• **Record extracts**:
■ ■ ■ ■

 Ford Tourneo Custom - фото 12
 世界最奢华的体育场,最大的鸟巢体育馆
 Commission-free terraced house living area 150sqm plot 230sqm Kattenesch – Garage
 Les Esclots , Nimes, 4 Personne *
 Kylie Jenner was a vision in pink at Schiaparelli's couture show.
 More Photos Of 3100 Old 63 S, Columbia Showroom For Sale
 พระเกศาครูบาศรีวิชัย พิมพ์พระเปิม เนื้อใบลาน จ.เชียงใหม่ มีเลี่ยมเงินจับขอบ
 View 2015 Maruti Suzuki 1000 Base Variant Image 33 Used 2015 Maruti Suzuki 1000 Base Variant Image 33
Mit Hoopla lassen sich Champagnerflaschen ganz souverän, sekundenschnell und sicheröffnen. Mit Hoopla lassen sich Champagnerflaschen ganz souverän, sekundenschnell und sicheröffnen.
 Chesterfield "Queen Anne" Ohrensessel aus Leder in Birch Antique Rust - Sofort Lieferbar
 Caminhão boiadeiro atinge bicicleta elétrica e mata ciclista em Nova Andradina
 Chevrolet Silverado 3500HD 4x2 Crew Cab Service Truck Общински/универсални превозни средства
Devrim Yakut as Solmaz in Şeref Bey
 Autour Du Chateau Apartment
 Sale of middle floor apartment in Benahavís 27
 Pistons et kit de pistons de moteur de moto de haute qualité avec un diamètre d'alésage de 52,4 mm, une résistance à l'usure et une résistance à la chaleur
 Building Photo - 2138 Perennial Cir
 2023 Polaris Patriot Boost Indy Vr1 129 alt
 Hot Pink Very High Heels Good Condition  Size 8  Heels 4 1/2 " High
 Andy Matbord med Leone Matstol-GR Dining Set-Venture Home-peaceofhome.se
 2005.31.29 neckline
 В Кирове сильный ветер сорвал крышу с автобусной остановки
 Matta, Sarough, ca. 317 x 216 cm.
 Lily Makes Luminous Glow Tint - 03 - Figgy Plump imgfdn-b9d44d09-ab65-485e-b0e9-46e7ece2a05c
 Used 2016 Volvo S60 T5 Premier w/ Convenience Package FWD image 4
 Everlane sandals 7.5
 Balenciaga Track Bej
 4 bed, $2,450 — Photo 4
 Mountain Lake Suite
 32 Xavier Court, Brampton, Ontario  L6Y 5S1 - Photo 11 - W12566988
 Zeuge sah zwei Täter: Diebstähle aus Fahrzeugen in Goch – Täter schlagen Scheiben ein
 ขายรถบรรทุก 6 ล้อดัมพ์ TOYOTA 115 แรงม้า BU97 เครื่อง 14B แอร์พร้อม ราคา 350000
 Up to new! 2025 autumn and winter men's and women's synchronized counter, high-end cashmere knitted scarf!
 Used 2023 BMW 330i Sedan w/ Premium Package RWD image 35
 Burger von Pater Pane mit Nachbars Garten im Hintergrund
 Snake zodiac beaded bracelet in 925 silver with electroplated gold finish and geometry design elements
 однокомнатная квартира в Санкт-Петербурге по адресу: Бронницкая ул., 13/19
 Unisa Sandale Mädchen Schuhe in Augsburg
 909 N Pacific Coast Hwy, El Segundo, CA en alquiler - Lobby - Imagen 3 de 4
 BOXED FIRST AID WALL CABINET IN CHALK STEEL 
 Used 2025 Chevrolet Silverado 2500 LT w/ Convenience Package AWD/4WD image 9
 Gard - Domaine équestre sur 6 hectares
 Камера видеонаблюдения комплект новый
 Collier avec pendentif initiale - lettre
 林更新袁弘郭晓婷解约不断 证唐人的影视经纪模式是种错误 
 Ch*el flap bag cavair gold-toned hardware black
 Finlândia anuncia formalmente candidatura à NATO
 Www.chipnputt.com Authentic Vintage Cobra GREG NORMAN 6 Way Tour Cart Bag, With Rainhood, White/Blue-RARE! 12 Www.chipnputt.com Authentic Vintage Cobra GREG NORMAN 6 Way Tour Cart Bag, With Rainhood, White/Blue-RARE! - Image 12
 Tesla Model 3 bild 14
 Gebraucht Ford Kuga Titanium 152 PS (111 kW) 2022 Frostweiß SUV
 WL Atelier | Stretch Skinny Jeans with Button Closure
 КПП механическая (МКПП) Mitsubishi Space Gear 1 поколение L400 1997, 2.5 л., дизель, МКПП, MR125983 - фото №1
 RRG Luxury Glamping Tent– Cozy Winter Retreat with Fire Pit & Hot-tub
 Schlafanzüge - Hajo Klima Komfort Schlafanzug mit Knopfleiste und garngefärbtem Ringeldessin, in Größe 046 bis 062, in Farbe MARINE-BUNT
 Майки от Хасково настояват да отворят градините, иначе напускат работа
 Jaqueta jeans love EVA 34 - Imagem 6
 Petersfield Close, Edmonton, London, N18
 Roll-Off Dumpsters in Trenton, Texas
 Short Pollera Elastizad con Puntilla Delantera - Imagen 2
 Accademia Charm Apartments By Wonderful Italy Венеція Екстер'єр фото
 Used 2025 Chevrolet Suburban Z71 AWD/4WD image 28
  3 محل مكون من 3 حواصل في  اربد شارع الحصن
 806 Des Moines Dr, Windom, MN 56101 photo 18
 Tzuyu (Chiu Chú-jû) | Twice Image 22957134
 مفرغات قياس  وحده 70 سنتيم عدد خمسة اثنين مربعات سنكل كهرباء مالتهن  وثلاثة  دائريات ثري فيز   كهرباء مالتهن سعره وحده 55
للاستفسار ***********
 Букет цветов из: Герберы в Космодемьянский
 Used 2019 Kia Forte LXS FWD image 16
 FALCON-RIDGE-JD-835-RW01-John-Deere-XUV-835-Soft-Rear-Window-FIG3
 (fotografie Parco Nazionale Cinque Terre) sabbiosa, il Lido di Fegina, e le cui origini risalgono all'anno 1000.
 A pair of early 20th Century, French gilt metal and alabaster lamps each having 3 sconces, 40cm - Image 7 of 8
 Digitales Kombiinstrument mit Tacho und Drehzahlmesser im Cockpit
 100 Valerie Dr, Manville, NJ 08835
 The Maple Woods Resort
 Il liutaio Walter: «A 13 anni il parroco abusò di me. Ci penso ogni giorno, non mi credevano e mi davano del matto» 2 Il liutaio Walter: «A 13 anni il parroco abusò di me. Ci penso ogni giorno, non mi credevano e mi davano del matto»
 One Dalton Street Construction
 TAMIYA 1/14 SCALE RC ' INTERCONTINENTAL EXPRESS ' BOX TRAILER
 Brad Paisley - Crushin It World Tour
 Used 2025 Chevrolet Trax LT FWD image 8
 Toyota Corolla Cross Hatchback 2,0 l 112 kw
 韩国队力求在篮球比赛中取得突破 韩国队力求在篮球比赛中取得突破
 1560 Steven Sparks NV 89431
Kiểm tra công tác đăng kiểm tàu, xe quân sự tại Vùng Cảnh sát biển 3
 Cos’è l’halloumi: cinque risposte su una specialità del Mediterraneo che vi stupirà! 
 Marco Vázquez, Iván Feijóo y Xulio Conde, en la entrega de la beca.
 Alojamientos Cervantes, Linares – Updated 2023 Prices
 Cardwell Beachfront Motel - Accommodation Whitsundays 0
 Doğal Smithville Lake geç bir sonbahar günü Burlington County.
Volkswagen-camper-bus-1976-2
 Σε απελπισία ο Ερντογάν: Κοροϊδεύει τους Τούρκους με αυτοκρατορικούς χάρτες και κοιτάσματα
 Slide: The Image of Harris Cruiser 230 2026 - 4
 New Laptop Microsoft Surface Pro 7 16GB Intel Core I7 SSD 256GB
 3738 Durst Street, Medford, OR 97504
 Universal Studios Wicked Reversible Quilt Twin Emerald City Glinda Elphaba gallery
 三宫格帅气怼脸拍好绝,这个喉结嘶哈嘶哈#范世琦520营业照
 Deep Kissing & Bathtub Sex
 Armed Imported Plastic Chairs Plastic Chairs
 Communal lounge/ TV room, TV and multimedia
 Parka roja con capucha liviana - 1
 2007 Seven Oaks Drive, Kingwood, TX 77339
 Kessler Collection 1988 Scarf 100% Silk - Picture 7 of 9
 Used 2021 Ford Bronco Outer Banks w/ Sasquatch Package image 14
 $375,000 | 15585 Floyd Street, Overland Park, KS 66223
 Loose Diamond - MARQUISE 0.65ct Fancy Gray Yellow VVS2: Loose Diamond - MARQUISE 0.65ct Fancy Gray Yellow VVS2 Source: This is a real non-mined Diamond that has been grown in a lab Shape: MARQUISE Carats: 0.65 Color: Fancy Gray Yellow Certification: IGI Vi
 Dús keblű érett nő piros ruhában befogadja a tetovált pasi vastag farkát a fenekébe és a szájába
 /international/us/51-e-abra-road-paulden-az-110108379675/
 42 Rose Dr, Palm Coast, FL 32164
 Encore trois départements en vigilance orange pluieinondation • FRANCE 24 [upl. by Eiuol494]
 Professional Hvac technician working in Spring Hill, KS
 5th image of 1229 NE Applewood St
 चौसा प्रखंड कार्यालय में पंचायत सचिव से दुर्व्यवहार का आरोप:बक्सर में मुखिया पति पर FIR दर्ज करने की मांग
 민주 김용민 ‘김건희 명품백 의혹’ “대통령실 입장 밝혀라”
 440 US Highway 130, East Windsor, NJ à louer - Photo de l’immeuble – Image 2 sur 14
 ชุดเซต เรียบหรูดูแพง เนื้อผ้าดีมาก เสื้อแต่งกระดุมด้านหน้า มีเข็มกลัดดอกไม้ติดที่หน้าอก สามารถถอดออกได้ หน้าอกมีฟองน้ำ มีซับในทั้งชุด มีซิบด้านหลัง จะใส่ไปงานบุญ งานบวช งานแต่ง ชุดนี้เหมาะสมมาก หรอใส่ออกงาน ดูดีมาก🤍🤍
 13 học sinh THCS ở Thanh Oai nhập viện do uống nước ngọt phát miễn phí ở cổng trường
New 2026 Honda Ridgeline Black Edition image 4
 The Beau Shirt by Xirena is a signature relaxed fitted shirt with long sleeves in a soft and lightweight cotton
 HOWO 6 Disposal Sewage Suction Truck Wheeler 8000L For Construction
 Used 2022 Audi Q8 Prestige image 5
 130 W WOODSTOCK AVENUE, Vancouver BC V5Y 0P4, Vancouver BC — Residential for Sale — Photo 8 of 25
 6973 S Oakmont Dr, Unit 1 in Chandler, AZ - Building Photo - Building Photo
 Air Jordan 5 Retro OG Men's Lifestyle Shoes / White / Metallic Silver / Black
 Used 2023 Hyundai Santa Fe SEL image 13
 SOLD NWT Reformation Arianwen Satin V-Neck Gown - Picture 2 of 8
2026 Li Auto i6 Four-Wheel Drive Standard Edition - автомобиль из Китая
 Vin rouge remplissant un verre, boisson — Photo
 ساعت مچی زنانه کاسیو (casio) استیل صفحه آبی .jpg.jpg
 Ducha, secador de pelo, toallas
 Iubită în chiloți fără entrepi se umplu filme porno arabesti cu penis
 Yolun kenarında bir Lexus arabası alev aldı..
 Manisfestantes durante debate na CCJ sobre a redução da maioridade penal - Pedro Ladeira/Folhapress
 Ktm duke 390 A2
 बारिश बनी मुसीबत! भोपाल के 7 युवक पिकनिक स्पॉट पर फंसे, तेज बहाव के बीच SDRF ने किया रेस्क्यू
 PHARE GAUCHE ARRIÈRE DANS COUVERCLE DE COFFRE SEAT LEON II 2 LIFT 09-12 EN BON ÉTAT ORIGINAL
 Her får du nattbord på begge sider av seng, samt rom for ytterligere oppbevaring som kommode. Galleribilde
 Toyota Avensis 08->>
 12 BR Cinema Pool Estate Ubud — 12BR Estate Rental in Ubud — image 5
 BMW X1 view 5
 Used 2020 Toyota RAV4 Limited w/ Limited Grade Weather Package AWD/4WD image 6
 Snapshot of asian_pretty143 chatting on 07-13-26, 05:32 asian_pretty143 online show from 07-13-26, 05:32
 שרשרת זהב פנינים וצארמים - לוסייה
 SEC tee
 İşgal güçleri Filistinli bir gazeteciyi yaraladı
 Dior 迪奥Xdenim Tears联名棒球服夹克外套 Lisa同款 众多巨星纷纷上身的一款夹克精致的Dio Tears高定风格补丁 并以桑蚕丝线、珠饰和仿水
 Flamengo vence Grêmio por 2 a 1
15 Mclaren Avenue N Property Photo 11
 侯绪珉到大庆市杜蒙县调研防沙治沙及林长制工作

■ ■ ■ ■

• **Exercise details**: Set down only the lines above that fall between the line holding "Slide: The Image" and the line holding "Deep Kissing & Bathtub Sex", inclusive, keeping each exact.

• **Written response**:
 Slide: The Image of Harris Cruiser 230 2026 - 4
 New Laptop Microsoft Surface Pro 7 16GB Intel Core I7 SSD 256GB
 3738 Durst Street, Medford, OR 97504
 Universal Studios Wicked Reversible Quilt Twin Emerald City Glinda Elphaba gallery
 三宫格帅气怼脸拍好绝,这个喉结嘶哈嘶哈#范世琦520营业照
 Deep Kissing & Bathtub Sex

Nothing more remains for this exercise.